About those Read-Only Replicas

In a post, I wrote last month I showed how you can take advantage of your replicas in SQL Sever by adding a single attribute to your connection string in .Net. Turns out you need to be aware of a caveat that I found yesterday while tracking down an odd bug.

The application in question manages lists of books. The workflow is as follows:

  1. Select 1 or more ISBNs from the list of books we publish (over 1m)

  2. Assign this collection a name and a catalog (collection of lists)

  3. Save the collection

  4. Go back to the main menu with the names and metadata of all your catalogs

The issue happens between 3 and 4. This system keeps metadata about each list and metadata about the folder (number of total lists, number of total items, last modification). It needs to make a series of calls. It can't just save the list and return you to the main screen without first making a call to the system to populate that screen with the latest information (which includes audit information). This means a call to SaveList and a call to GetCatalogs. Developers noted that 70% of the time the main menu was missing the newly saved list, but if they did a refresh it appeared. We could not reproduce this by hand (though Postman).

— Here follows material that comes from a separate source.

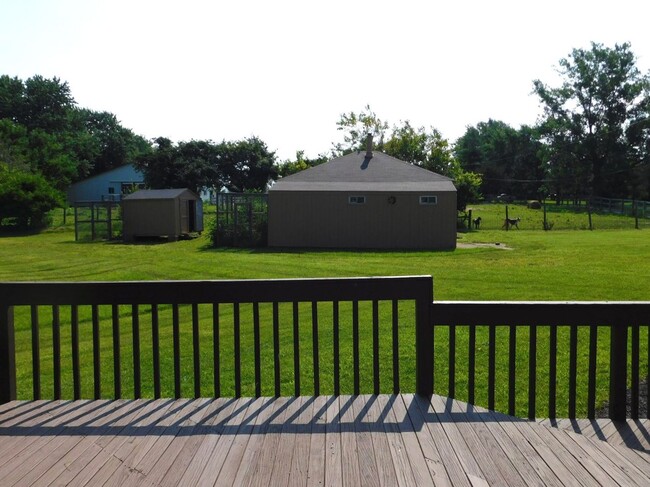 Photo - 5 acres and a Large 6 bedroom house. Extra garages and sheds.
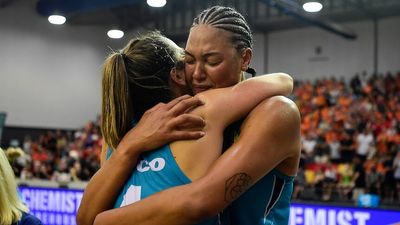 Former Opals captain Jenna O'Hea says Liz Cambage told Nigerian players to 'go back to your Third World country' during a training game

We are running the database on an Azure Hyperscale with RCSI (Read Committed Snapshot Isolation), so the first thought was there are independent threads making the calls and the GetCatalogs is returning the previously committed set. However, the development team confirmed that it was a single chain of events through a single thread with an average time between calls of 300ms.

All calls in this application are controlled via stored procedures, so we can guarantee the order of operations and within the SaveList procedure is a commit before the result set is returned guaranteeing the data is in the database before the thread gets the go-ahead to move to the next call. At this point I realized it was the replica.

300ms is not enough time for the data to be moved to the replica, so I simply removed the ApplicationIntent=ReadOnly and the bug disappeared.

A word of caution when designing an application. The flow of the application is important to understand while making architectural decisions. In this specific example, the need to pull back the data vs having the application carry it means the timing of when the data is where (primary vs replica) is very important. If the application did a few other things and the avg time between the save and when it made the call to GetCatalog was say 750ms or 1s, the replica might have been just fine.